Now if they could just do something about their actual performance on the floor...
• Ben Simmons laid a gigantic egg in Game 1, and he made matters worse by clapping back at the fans for booing the team during a poor performance. Sunday afternoon, he changed his tune.
"It's Philly, that's what's gonna happen. I mean I love it, that's how Philly is. You can play or you can't, they're going to give you shit and they talk shit, it is what it is," Simmons said on Sunday. "If you're not playing well, they're going to let you know, but I love being here. I love the fans here, I wouldn't want to be in a place where they didn't really care or only showed up when times were going well. A few years ago we were winning 10 games."
I think we can just let this controversy end here. I thought Simmons handled things the wrong way after the game on Saturday, but people say all sorts of wild stuff when they're upset. Simmons impact on Game 2 ranks much higher on the priority scale than whatever his thoughts on booing are.

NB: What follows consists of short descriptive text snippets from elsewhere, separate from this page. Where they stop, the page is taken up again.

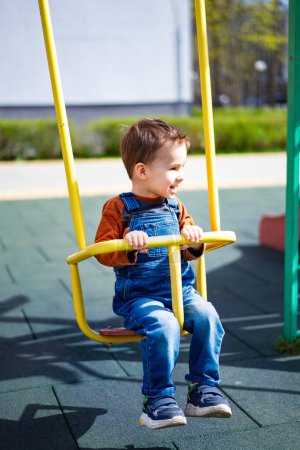 Téléchargez les photos : A young boy is sitting on a swing in a park. He is smiling and enjoying himself. The swing is yellow and is located near a green pole - en image libre de droit
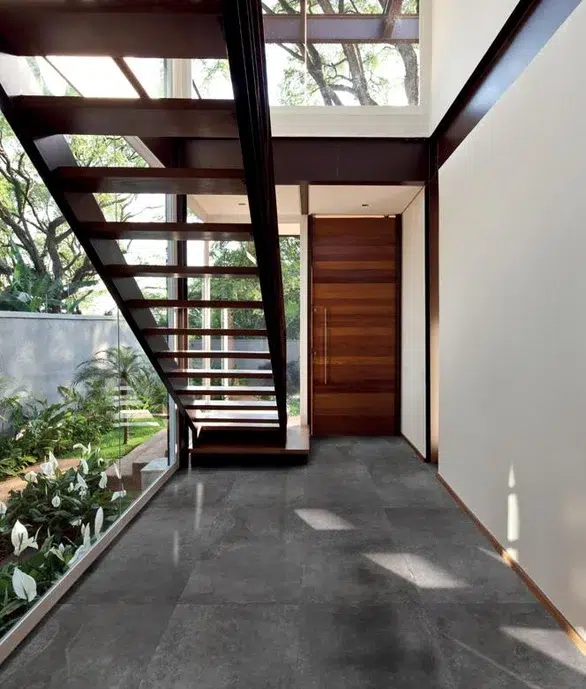 Área de entrada de uma casa com a porta de madeira e as paredes de vidro, com uma escada de madeira larga e comprida.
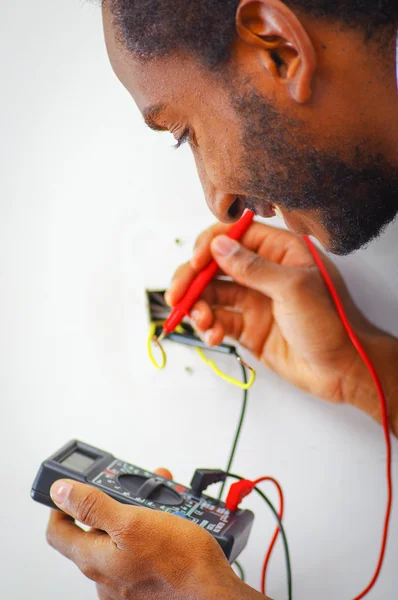 Чоловік у біло-блакитній сорочці, що працює на дротах електричних настінних гнізд, використовуючи мультиметр, концепція електрика — стокове фото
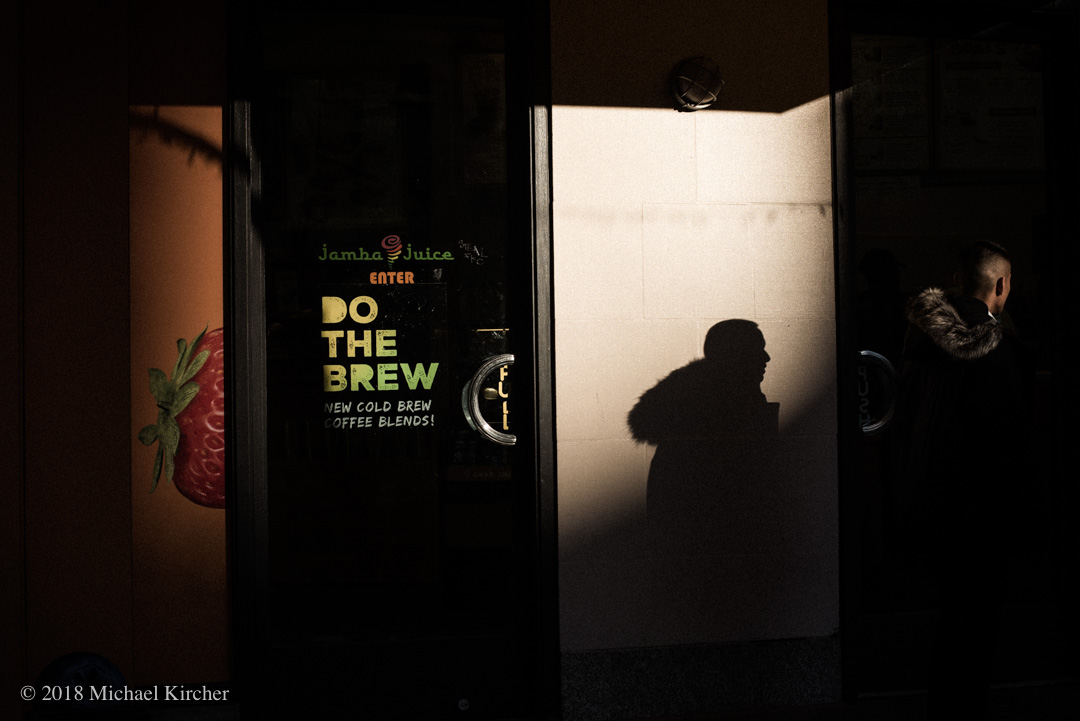 Late afternoon light and shadow of a young man in front of Jamba Juice in Washington DC.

• Jimmy Butler was the first player to meet with the media on Sunday afternoon, and he relayed a message that was agreed upon by everyone who spoke after him. Despite the loss, the Sixers appear to be in relatively good spirits.

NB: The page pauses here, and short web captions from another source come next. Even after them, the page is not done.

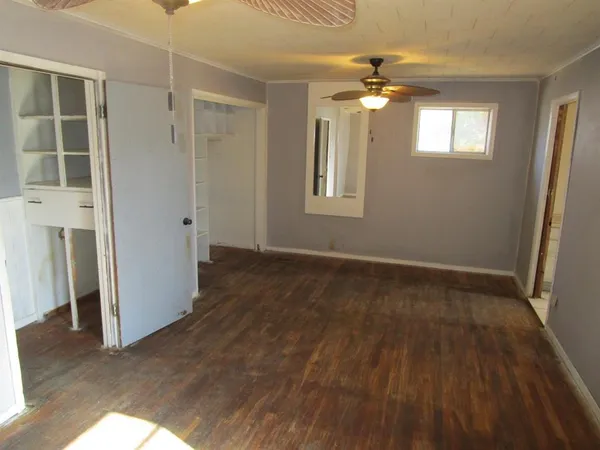 an empty room with wooden floor chandelier and closet area
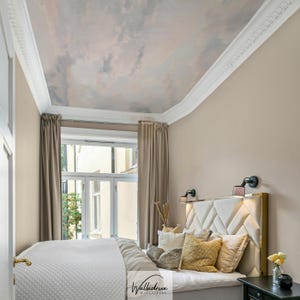 May include: A bedroom with a cloud-painted ceiling and beige walls. The bed has a white quilted coverlet, decorative pillows, and a gold-framed headboard. Beige curtains frame a window, and a small black nightstand is next to the bed.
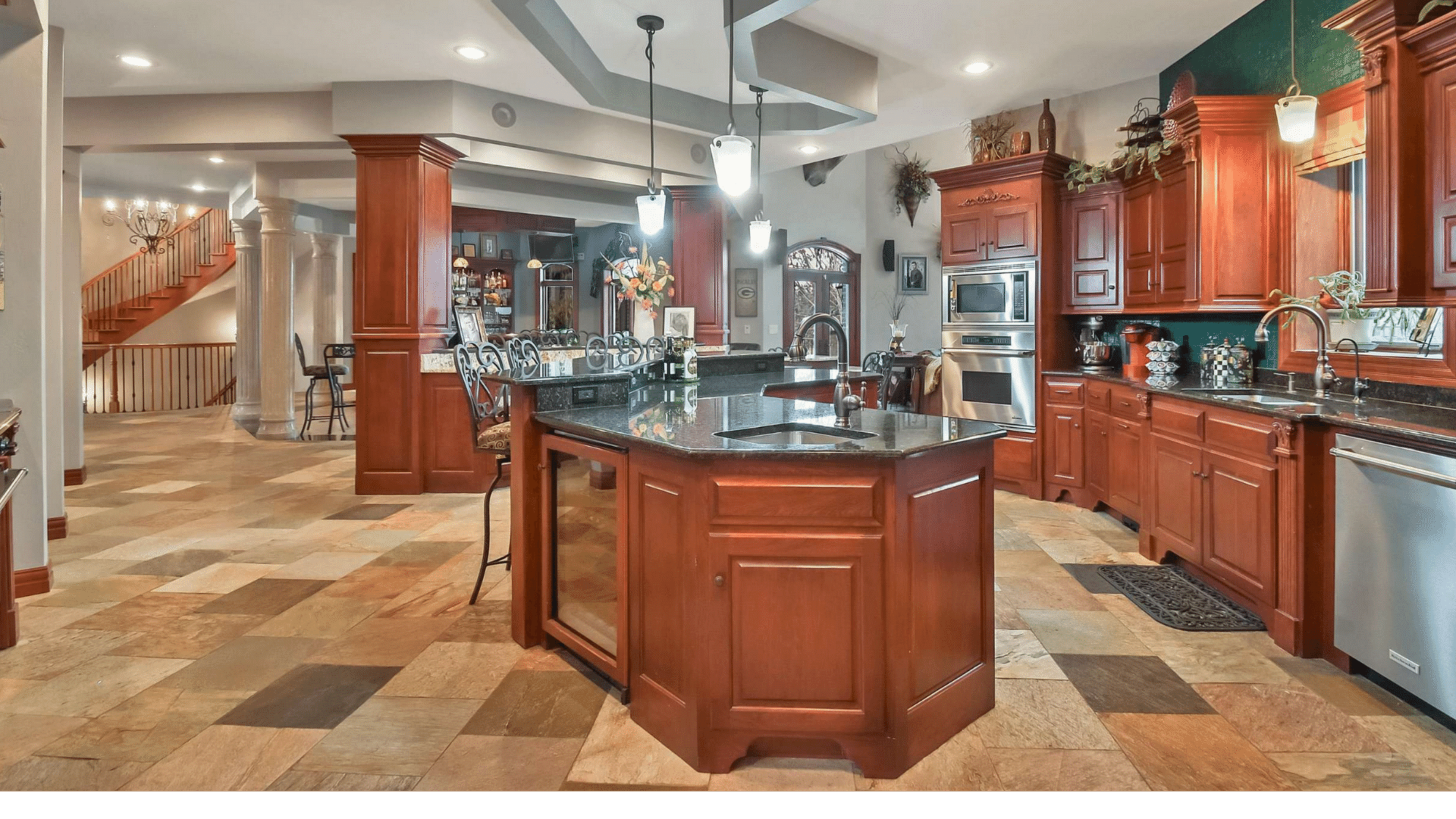 A spacious kitchen featuring dark wood cabinetry, a large central island with a black countertop, and a tiled floor.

Perhaps that's because the Sixers still believe they have the high-end talent to beat anyone when it matters, the Brooklyn Nets included. With some hoping for major changes or responses to what the Nets showed, Butler maintained that if the Sixers simply take care of their business in-house, they'll be okay.
"I would never put anything on the opposing team, only because if we do what we're capable of doing, if we're locked in and worry about ourselves, I think we give ourselves a good chance to win," Butler said. "When you focus in too much on what they bring to the table and what they have and forget about what we have to do, that's when you get in trouble."
•Amir Johnson came over and offered another statement on the cell-phone incident that he was fined for after the game Saturday, and I didn't expect anything less. Johnson may be an end-of-bench guy these days and a goofball in the locker room, but he generally takes his role as a veteran leader pretty seriously.
Brown relayed that there was a more important message delivered by Johnson to the team on Sunday morning.
"Amir this morning came in early, knocked on my door and said, 'Coach, I want to be able to speak to the team with the coaching staff here.' And he did, he addressed the team before the day began. In my mind, there's not much more that can be done, we all understand there is zero place for that in our league or our organization.
As with Simmons above, not a whole lot else to talk about here. The basketball side is the critical piece, and the Sixers have a lot of room for improvement there after a Game 1 clunker.